Let’s face it. The New Year may not solve all of our problems over night, but it does give us the one chance to say, I am going to change this about my life in the New Year. It gives us the opportunity for a “do over” of sorts.
There are a lot of things that I would love to change in my life that occurred this past year. When I look back on certain situations that have occurred I realize that I have not always taken the high road. I realize that a lot of things that have happened I am partly to blame. I cannot take all of the blame for all of the things that have happened to me over the last year, but I am woman enough to admit I am not perfect and I do err on occasion.
The one regret I have is not saying goodbye to Lyn. Not dealing with her death in a mature way. I took the low road, the easy way, or so I thought. Since her death my life has changed drastically. I have made some very bad mistakes, I have lost a lot of faith in the things I held dear to me in my life. I’ve lost total trust in one of the most important people in my life. I’ve lost my dignity in some cases. It has been a long hard road of self reflection. I didn’t like the person I saw looking back at me. The person I have become.

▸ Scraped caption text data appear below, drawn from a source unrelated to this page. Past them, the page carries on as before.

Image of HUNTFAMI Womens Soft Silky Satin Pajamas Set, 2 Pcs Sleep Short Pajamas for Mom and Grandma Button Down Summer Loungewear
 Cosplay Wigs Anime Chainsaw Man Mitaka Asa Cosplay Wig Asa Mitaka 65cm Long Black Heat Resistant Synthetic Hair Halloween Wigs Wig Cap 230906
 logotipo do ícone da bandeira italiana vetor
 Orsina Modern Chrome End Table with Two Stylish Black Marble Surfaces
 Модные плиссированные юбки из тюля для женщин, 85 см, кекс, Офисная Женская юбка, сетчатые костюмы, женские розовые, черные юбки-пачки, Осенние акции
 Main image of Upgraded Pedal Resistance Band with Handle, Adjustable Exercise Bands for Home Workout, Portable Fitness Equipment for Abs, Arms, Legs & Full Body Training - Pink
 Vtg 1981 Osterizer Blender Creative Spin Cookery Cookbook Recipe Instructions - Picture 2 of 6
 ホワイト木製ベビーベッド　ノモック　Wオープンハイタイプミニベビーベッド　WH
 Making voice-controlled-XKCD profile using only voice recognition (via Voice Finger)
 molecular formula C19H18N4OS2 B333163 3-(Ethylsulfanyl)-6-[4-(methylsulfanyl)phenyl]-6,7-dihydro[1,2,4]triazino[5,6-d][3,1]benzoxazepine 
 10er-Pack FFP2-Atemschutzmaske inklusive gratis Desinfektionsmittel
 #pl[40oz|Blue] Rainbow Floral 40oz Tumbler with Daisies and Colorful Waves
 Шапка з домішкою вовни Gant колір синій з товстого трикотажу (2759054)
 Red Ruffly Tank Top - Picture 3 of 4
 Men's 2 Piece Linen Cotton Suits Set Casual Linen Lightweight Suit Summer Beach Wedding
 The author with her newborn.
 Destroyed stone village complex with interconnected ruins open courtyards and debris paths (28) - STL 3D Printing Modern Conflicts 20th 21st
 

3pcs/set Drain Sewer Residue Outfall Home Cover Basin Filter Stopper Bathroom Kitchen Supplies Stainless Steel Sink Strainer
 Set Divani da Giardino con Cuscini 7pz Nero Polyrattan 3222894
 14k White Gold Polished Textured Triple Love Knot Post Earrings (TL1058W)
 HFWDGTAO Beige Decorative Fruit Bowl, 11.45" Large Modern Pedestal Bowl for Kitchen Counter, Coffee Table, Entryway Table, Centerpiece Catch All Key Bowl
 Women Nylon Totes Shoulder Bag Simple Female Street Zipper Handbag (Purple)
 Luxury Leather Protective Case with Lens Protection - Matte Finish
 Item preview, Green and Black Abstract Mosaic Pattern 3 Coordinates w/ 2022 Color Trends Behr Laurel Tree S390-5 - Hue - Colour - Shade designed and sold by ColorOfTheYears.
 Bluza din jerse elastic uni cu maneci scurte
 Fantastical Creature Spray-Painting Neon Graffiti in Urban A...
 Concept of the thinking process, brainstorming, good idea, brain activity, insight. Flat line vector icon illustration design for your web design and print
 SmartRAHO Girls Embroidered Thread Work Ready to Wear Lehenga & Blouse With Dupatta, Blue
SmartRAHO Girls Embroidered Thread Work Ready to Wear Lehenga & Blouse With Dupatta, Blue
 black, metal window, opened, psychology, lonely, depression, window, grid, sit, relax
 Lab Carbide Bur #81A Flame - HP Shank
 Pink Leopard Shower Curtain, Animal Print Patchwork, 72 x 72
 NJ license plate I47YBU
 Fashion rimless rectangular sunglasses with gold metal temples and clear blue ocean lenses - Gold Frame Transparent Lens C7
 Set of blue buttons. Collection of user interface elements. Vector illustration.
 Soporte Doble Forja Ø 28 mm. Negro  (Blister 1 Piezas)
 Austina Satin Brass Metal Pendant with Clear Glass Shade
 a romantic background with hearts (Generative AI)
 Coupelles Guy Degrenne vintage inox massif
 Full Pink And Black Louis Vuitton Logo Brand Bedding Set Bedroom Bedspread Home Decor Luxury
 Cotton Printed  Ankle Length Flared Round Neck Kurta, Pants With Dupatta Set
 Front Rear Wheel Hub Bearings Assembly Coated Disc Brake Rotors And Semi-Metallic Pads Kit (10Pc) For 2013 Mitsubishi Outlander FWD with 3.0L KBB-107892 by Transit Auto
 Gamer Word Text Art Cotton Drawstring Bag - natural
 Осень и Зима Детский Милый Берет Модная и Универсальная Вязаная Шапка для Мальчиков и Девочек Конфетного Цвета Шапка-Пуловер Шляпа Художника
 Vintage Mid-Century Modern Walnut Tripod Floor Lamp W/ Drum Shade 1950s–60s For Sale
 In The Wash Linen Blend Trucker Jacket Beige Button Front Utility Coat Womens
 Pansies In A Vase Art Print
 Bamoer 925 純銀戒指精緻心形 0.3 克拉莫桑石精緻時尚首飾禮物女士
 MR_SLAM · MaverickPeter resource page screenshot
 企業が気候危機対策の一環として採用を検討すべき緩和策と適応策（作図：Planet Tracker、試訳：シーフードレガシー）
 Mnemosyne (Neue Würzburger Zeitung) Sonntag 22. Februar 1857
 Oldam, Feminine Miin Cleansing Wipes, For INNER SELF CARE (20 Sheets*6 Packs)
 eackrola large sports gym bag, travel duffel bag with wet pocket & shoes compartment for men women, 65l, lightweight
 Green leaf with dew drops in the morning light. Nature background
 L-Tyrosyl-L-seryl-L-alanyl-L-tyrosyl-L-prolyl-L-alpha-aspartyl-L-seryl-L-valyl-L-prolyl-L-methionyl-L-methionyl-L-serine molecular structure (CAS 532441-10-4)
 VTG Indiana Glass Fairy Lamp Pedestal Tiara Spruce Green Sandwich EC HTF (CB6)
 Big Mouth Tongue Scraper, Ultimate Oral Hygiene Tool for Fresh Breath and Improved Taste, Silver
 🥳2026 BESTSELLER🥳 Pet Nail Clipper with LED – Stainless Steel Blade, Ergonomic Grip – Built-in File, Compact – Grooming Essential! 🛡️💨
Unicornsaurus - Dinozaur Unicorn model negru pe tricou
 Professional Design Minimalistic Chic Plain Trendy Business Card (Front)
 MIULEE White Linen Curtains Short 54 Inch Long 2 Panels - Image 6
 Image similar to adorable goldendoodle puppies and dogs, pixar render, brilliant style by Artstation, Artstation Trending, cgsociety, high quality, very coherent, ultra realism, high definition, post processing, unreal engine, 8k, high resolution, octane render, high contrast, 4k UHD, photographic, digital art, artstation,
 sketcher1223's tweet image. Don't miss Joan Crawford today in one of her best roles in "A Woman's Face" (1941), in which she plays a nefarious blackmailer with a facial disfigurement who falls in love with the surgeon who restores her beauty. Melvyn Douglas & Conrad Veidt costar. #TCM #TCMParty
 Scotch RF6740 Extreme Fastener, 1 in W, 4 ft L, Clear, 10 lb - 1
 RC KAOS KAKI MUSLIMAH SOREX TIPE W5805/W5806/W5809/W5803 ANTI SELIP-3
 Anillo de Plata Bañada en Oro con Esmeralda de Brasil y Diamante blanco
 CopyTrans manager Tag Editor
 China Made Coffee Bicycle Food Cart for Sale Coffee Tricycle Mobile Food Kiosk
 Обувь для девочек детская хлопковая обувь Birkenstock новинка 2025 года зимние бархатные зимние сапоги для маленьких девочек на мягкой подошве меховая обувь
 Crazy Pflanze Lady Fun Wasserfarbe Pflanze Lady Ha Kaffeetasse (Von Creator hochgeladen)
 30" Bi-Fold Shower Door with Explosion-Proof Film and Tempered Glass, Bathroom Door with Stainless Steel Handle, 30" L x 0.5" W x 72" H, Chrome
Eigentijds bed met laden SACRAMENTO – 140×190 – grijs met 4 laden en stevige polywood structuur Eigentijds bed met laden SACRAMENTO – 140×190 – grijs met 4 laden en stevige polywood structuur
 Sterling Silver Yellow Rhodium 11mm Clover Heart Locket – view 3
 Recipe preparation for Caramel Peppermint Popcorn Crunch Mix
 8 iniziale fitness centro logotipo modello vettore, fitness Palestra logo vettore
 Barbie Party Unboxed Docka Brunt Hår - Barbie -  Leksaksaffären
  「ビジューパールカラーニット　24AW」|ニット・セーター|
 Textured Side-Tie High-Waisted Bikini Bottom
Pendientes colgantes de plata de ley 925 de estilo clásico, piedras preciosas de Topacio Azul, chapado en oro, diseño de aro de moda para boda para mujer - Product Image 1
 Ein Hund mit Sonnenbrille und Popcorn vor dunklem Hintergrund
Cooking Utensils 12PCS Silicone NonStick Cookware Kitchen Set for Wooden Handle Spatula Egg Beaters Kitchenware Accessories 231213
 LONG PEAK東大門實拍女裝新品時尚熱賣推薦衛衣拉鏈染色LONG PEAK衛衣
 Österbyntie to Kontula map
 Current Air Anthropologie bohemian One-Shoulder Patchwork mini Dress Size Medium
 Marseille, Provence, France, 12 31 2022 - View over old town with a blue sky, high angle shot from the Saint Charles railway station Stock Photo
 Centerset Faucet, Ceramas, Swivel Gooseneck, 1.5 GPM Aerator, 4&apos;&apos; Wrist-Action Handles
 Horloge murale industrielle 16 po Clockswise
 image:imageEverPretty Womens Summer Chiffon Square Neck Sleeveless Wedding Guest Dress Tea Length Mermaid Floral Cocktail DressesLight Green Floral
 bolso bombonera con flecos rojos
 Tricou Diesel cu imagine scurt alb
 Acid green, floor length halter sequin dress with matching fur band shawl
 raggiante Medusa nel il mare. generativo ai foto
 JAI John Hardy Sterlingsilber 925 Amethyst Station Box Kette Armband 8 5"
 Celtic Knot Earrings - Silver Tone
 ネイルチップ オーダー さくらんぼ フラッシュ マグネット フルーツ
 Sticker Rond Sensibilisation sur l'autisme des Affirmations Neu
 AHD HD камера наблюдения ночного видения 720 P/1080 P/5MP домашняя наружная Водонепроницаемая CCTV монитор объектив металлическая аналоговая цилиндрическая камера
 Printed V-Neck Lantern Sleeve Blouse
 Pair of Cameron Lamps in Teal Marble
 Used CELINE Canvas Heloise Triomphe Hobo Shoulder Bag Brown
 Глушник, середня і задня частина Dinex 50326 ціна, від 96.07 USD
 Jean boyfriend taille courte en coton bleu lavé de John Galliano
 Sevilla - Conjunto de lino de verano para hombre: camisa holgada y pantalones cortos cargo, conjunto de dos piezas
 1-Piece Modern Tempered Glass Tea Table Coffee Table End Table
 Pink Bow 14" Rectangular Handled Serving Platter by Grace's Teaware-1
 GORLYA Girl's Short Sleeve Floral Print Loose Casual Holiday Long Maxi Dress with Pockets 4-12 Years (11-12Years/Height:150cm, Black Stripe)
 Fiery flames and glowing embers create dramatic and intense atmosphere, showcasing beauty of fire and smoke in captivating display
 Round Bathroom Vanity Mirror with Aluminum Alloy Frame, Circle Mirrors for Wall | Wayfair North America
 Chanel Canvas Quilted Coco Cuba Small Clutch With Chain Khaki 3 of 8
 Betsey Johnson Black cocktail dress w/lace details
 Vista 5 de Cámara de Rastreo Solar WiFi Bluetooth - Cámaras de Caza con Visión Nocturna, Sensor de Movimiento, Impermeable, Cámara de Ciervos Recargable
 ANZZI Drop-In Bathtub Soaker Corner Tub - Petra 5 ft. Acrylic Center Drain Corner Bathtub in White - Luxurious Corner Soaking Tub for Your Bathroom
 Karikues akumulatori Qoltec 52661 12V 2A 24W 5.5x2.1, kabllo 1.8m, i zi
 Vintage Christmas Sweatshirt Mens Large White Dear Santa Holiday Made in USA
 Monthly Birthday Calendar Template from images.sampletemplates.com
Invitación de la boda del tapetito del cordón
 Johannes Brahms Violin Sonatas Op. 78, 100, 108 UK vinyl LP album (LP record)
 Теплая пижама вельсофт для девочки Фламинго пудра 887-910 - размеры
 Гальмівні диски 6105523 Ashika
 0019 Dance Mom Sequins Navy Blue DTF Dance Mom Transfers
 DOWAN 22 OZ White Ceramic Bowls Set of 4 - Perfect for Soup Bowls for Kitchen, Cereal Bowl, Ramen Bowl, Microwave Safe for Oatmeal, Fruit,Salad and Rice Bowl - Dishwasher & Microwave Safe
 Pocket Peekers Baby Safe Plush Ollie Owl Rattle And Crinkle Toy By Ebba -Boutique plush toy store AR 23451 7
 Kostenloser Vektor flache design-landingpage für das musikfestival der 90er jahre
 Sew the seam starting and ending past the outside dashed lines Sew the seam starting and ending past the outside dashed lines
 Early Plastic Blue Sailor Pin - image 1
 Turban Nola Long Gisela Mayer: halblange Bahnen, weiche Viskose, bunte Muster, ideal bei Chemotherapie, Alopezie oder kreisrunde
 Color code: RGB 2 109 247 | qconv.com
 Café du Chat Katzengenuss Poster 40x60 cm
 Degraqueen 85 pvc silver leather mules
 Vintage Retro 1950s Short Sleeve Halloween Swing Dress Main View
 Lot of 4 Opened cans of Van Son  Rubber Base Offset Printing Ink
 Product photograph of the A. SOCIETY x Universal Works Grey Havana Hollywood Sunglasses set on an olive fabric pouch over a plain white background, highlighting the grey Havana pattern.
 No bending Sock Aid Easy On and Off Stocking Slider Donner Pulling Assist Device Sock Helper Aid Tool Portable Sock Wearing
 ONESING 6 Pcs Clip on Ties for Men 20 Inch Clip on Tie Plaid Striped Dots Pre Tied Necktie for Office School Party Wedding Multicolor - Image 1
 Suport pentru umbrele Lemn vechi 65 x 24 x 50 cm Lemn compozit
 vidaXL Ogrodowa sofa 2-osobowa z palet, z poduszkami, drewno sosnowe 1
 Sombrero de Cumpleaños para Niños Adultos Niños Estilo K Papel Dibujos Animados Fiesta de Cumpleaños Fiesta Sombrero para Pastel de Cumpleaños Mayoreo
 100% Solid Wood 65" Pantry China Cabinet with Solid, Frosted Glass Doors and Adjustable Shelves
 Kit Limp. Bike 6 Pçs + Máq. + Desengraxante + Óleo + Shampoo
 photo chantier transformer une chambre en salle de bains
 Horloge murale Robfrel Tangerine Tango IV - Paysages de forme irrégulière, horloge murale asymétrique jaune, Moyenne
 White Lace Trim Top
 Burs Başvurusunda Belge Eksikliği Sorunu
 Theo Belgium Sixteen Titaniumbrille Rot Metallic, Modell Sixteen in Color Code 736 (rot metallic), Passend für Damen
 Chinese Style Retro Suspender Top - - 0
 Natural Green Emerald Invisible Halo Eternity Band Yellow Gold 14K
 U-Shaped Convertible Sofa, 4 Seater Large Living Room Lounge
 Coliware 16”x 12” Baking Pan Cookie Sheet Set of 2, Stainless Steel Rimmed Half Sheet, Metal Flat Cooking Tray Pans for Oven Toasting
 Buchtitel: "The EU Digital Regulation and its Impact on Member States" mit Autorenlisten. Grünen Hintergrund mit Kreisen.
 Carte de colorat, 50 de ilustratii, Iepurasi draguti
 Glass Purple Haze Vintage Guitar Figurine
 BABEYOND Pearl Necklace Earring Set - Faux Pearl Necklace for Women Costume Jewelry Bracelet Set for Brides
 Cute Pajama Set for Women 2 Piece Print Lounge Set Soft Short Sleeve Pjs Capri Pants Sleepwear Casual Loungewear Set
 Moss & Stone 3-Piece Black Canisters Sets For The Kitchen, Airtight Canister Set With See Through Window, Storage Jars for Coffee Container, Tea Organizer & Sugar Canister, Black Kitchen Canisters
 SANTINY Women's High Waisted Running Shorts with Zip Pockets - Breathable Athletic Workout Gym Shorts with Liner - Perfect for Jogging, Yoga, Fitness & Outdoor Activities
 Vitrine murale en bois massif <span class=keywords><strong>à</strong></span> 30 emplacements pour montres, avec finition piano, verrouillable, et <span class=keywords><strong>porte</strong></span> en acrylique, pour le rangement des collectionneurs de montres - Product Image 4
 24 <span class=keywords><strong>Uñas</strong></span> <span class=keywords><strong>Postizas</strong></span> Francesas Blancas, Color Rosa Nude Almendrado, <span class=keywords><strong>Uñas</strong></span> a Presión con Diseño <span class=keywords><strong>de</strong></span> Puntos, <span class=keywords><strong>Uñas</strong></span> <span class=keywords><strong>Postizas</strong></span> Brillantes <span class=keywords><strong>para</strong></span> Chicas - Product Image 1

For me the New Year means a lot of work. Work on myself, work on my marriage, work on my family, becoming a better mother, a better friend, a better wife. Maybe even opening my heart to a higher power. (I’m in no way religious, but I do believe somewhere out there someone is watching). Becoming the bigger person and righting wrongs. Remembering that it’s ok to not always be right in everyone’s eyes. It’s ok if people don’t like you, it’s their right, it’s also mine not to like them back.
The New Year.
Remember to love yourself first. Remember it’s ok to make mistakes. Remember it’s ok to be yourself, as long as you don’t lose who you are.
January 1, 2009
perhaps out with the negative and in with the positive. who the hell is perfect – oy it would be boring to be – i do believe.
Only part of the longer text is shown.